[Exercise input Boundary: Start]
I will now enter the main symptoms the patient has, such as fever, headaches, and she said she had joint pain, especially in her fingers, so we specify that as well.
[Exercise input Boundary: End]
[Exercise input Boundary: Start]
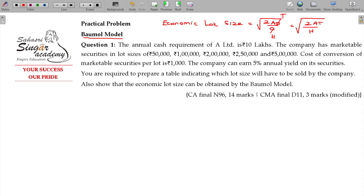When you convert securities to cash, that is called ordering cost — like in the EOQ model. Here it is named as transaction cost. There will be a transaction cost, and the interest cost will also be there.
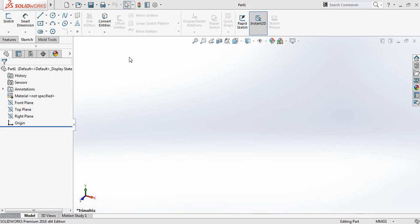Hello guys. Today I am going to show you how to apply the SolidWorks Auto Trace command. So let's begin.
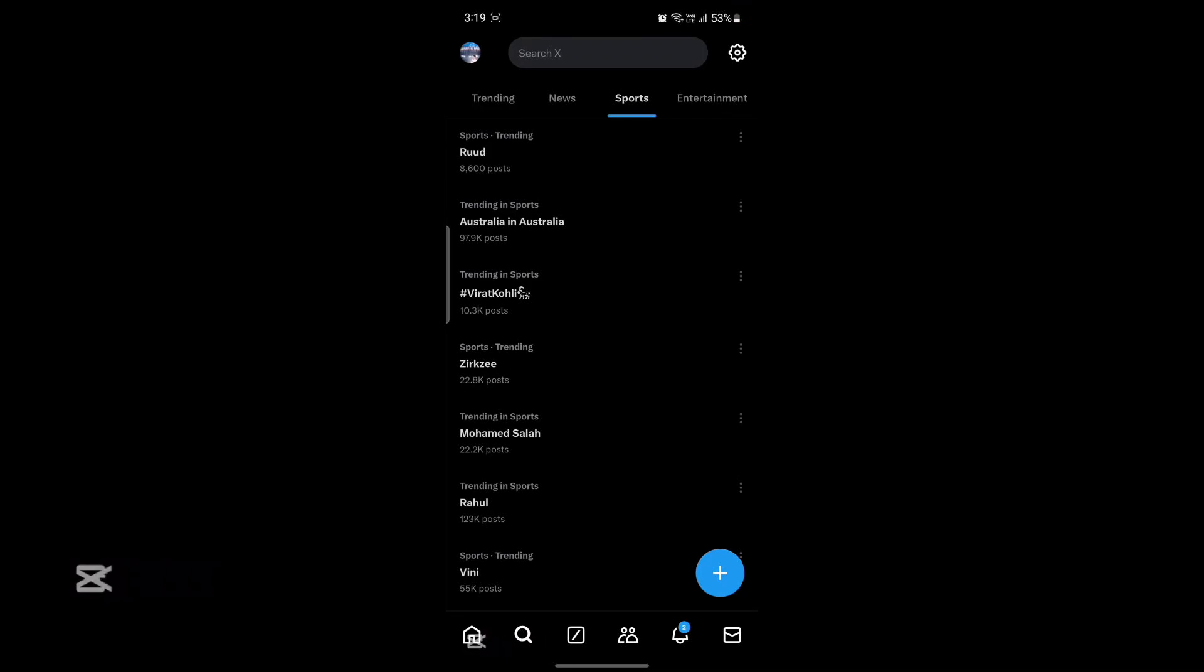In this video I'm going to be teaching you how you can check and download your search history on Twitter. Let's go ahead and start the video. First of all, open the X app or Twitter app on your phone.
[Exercise input Boundary: End]
[Exercise input Boundary: Start]
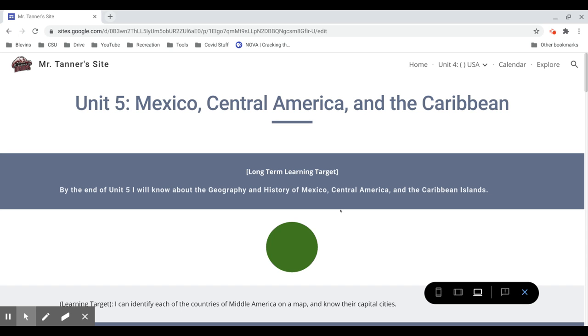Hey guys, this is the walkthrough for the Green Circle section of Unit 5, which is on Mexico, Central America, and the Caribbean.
[Exercise input Boundary: End]
__What you will do__.
Word for word, write out the lines above running from the one with "When you convert" up to and including the one with "In this video". Drop any picture.

__Exercise response__.
When you convert securities to cash, that is called ordering cost — like in the EOQ model. Here it is named as transaction cost. There will be a transaction cost, and the interest cost will also be there.
Hello guys. Today I am going to show you how to apply the SolidWorks Auto Trace command. So let's begin.
In this video I'm going to be teaching you how you can check and download your search history on Twitter. Let's go ahead and start the video. First of all, open the X app or Twitter app on your phone.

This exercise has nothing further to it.